The final step in this preprocessing workflow is to partition the data. This is accomplished using Scikit-learn's `train_test_split` function.

`x_train, x_test, y_train, y_test = train_test_split(...)`

This single line splits both the image data (`data`) and the corresponding `labels` into four new arrays:

  * **`x_train`**: The subset of images used for training the model (80% of the original data in this case).
  * **`x_test`**: The subset of images used for evaluating the model's performance after training (the remaining 20%).
  * **`y_train`**: The labels corresponding to the `x_train` images.
  * **`y_test`**: The labels corresponding to the `x_test` images.

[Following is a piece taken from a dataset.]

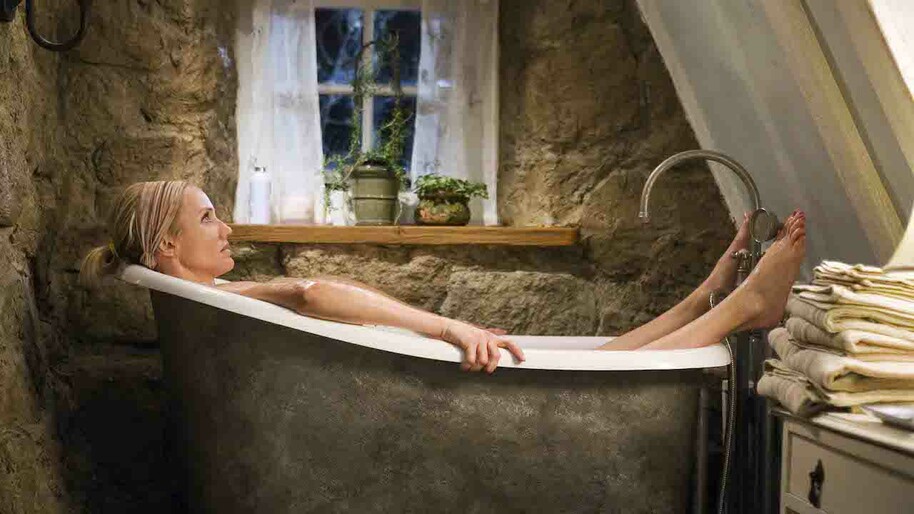 cameron diaz in bathtup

The function's parameters are set as follows:

  * `test_size=0.2`: Specifies that **20%** of the data should be allocated to the test set.
  * `random_state=42`: Ensures that the split is **reproducible**. Anyone who runs this code with the same `random_state` will get the exact same split, which is crucial for consistent results.
  * `stratify=labels`: This is an important parameter that ensures the proportion of each drawing category is the same in both the training and testing sets. It prevents a situation where, by random chance, one set has significantly more or fewer images of a certain category than the other.